Requirement: Every single record below is to be reproduced exactly.

Given records:
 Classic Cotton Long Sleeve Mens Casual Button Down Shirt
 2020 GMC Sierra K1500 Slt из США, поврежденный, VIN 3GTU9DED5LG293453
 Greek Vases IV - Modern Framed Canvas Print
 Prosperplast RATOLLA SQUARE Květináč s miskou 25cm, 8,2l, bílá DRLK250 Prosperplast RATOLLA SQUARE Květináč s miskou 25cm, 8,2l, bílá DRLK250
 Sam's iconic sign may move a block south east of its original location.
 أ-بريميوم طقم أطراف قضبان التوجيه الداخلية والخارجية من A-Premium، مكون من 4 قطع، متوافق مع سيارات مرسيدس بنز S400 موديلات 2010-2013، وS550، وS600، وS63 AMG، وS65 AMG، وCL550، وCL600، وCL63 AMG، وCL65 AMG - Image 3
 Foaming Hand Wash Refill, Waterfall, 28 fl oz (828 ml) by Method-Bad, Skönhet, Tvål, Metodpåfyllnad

Output of the task:
 Classic Cotton Long Sleeve Mens Casual Button Down Shirt
 2020 GMC Sierra K1500 Slt из США, поврежденный, VIN 3GTU9DED5LG293453
 Greek Vases IV - Modern Framed Canvas Print
 Prosperplast RATOLLA SQUARE Květináč s miskou 25cm, 8,2l, bílá DRLK250 Prosperplast RATOLLA SQUARE Květináč s miskou 25cm, 8,2l, bílá DRLK250
 Sam's iconic sign may move a block south east of its original location.
 أ-بريميوم طقم أطراف قضبان التوجيه الداخلية والخارجية من A-Premium، مكون من 4 قطع، متوافق مع سيارات مرسيدس بنز S400 موديلات 2010-2013، وS550، وS600، وS63 AMG، وS65 AMG، وCL550، وCL600، وCL63 AMG، وCL65 AMG - Image 3
 Foaming Hand Wash Refill, Waterfall, 28 fl oz (828 ml) by Method-Bad, Skönhet, Tvål, Metodpåfyllnad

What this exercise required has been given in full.